Multitudes of other accounts offered a glimpse into how the women were conscripted and their dire living conditions in the institutions. Some were snatched by military officers by force, while others were deceived or sold by relatives.

Scholars describe them as slaves, pointing to their lack of liberty, violence and other maltreatment.

The Ministry of Gender Equality and Family runs an e-museum dedicated to the victims, filled with their stories in the form of text, videos and images, as well as related legal and scholarly publications. Seoul is pushing to obtain a world documentary heritage status from the U.N. Education, Scientific and Cultural Organization for its collection in partnership with Beijing and Taiwan.

On display are photos of the rape centers and young girls looking terrified, disheveled or pregnant. Some graphic ones show bodies of women scattered over the battlefield ― after the troops’ evacuation at the end of the war, many of the sex slaves were not just abandoned but forced to commit in collective suicide.

Overseas archives are another source of striking facts from the time.

Korean researchers have for years pointed to a stack of documents on Japanese war crimes from the U.S. National Archives and Research Administration, thanks chiefly to the Interagency Working Group launched in 1999 to look into Nazi war criminal records.
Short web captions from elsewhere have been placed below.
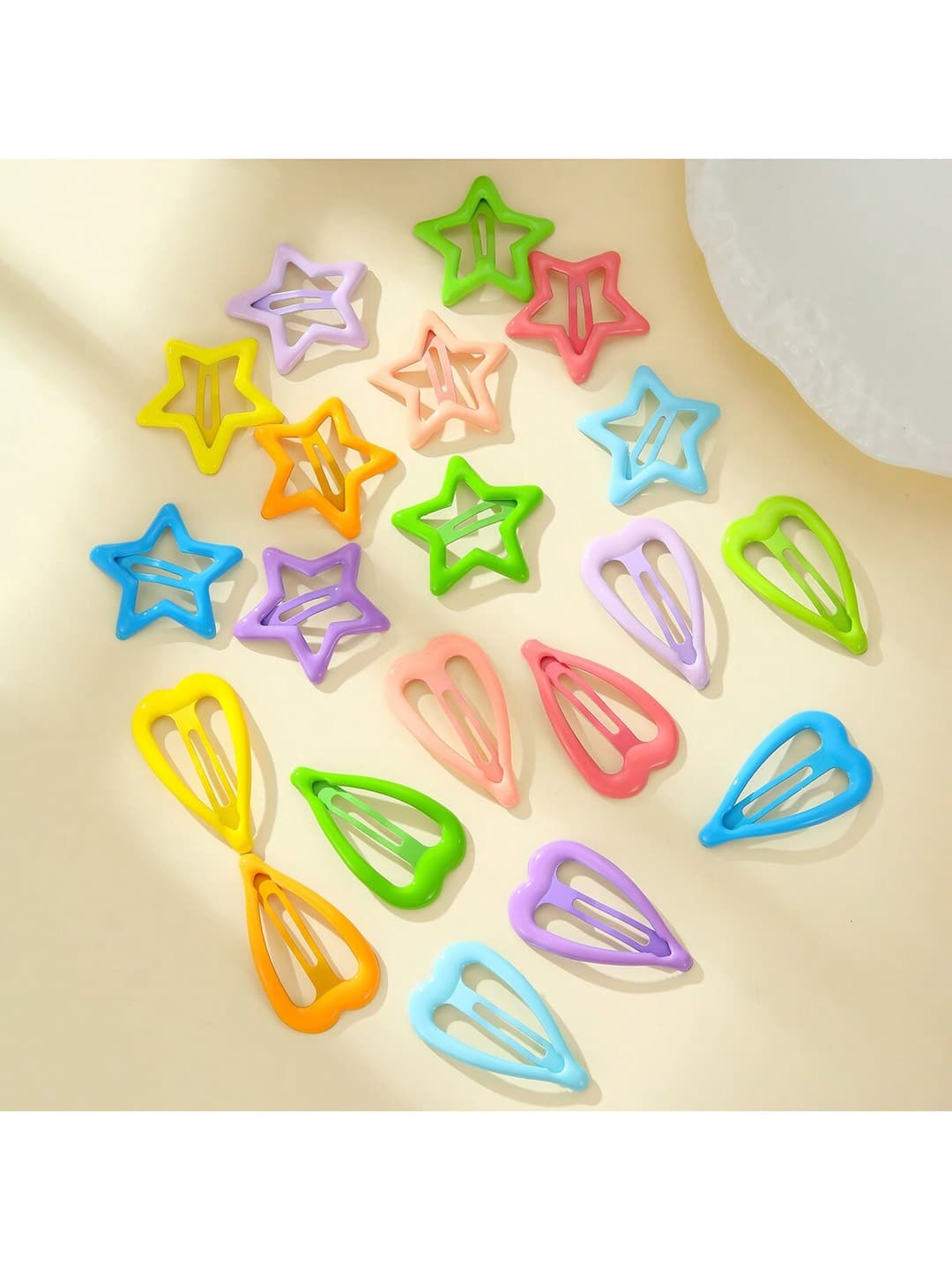20pcs Mixed Star Shaped Hair Clips, New Design Hair Accessories For Girls, Bangs Clip, All Season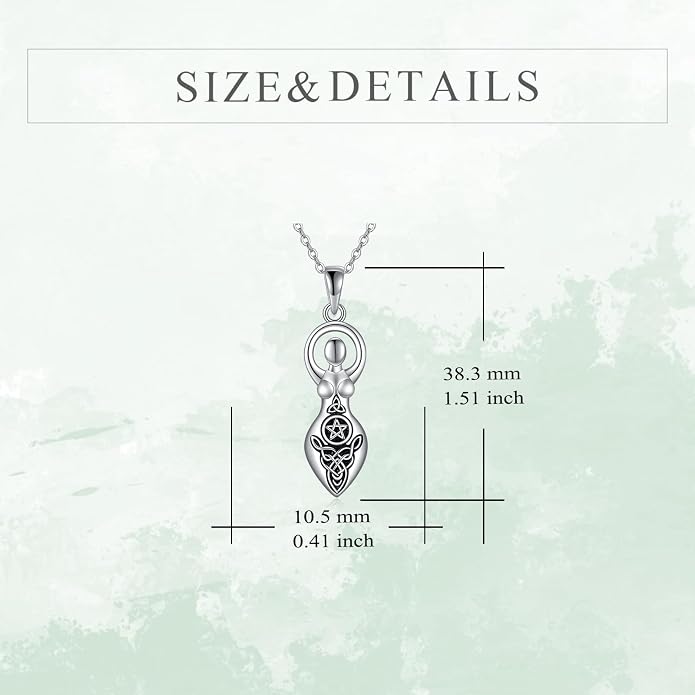 YFN Triple Moon Goddess Necklace Sterling Silver Pentagram Pentacle Opal Pendant necklace Pagan Wiccan Magic Amulet Tree of Life Jewelry for Women Men 18"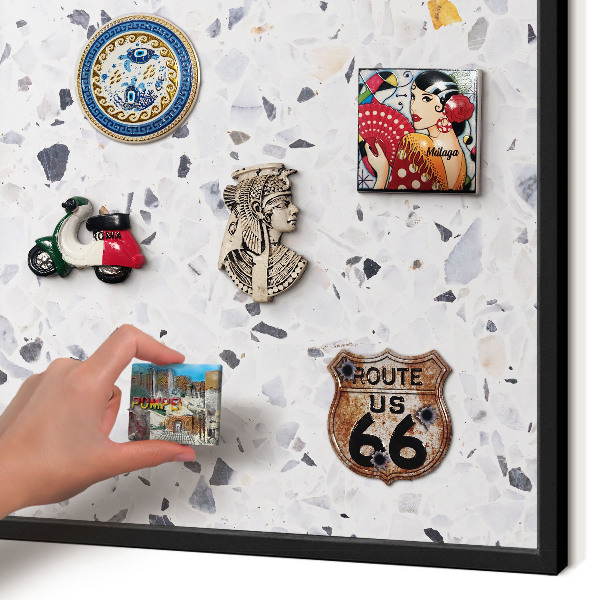 Vacation magnet board with a black frame Terrazzo style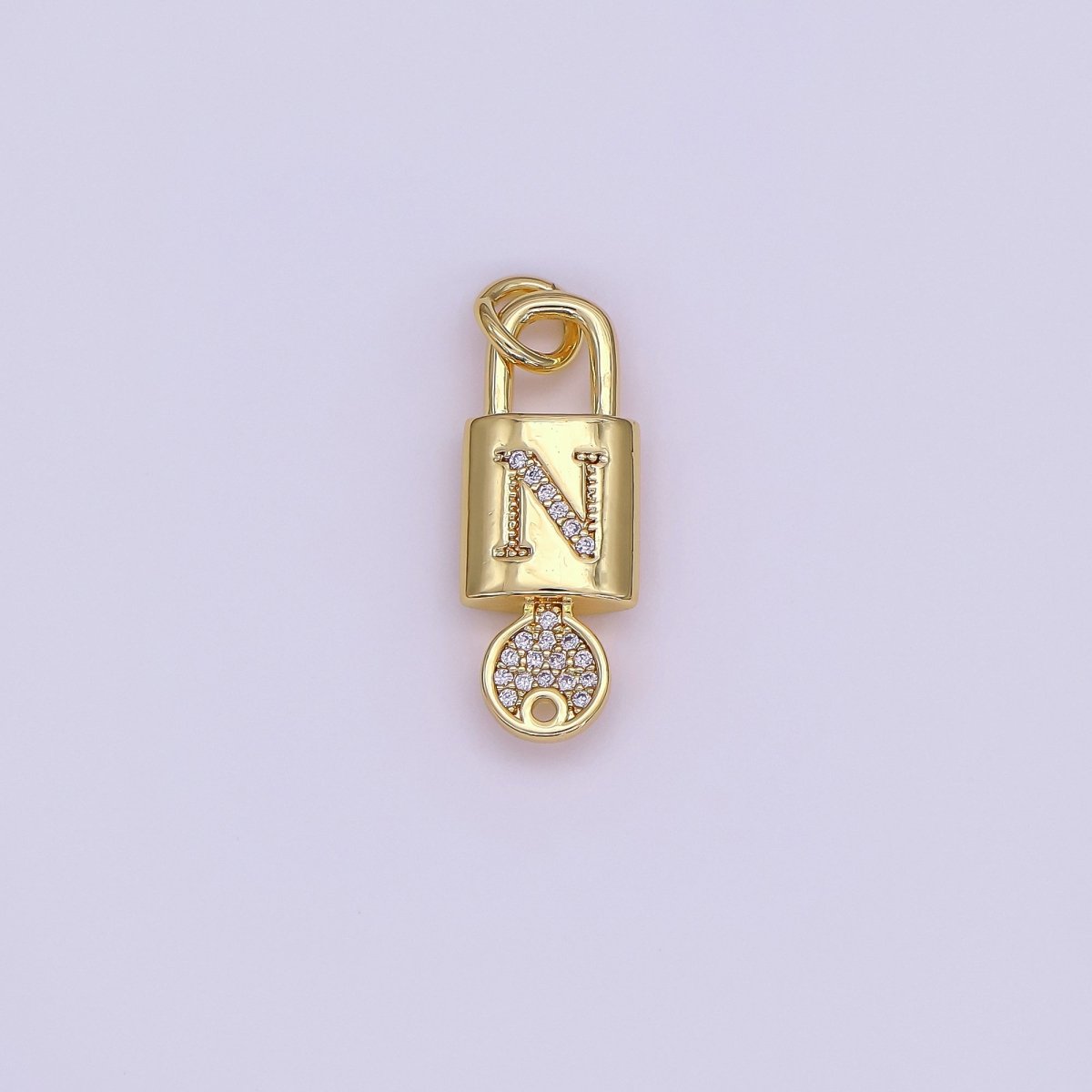24K Gold Filled Initial Letter Micro Paved Padlock Key Charm | AF014 - AF026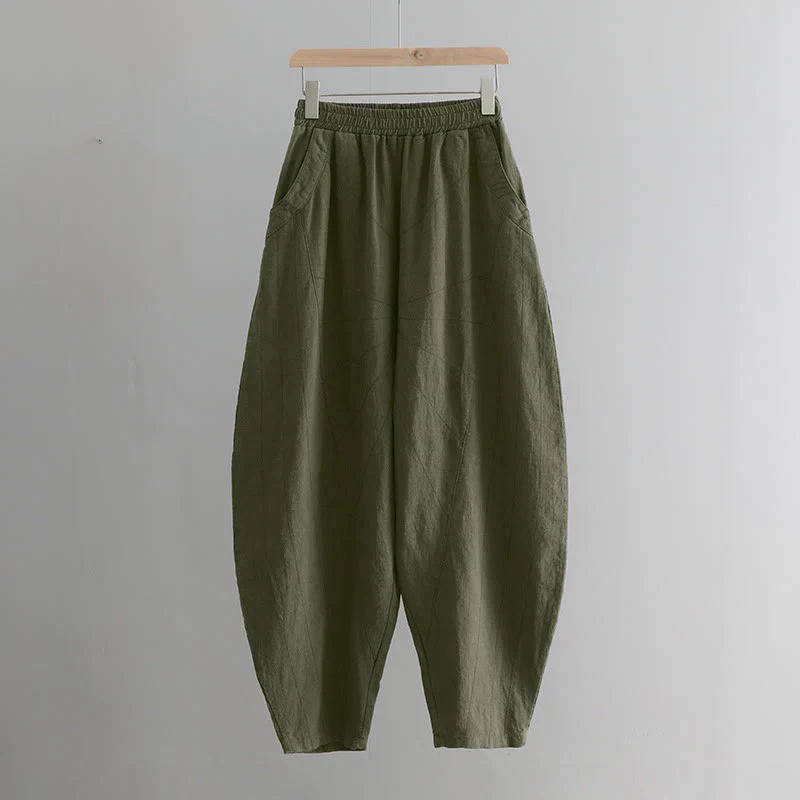 Pantaloni harem yoga larghi tinta unita con tasche Buddha Stones - Image 37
A report described Korean prisoners captured in the Chinese city of Kunming by U.S. troops shortly after the end of the war, including 22 women forced into sexual slavery through “compulsion” or “misrepresentation.” Another one carried a list of prisoners of war and their profiles from the Philippine island of Luzon, including four Korean comfort women. A Chinese war correspondent detailed his journey in Myanmar, introducing diaries by a Japanese army commander who wrote he had sex with young British and French girls at a Japanese-owned hotel.

In 2003, a team of academics led by Chung Chin-sung, a renowned researcher on the comfort women issue who teaches sociology at Seoul National University, analyzed papers written by the Japanese military and news articles in the 1930-40s. A 1940 letter by the army to a Hokkaido coal company in 1940 shed new light on corporate involvement in the operation of colonial brothels.

In recent years, China has been ramping up pressure on Tokyo by churning out uncovered materials shoring up the charges.

Chinese historian Su Zhiliang’s landmark study in 1999 identified the existence of 149 comfort stations in Shanghai alone. He believes that some 200,000 Chinese women were coerced into prostitution in the 1930-40s.

More recent data suggests the presence of rape centers in Indonesia, Myanmar and other Southeast Asian countries during the war.

One report claimed that the number of sex slaves exceeded 400,000, with about 200,000 of them being Chinese and up to 160,000 Korean, while another contained the testimony of a survivor who said she was forced to provide sex to 178 soldiers over a span of 10 days.

“Past apologies such as the 1993 Kono Statement would not have been possible without such discoveries, even though to us they fell short of our expectations,” Seo of the NAHF says.

“The ongoing relay of fresh evidence will hopefully contribute to bringing Japan’s attitude toward the sex slavery issue forward step by step.”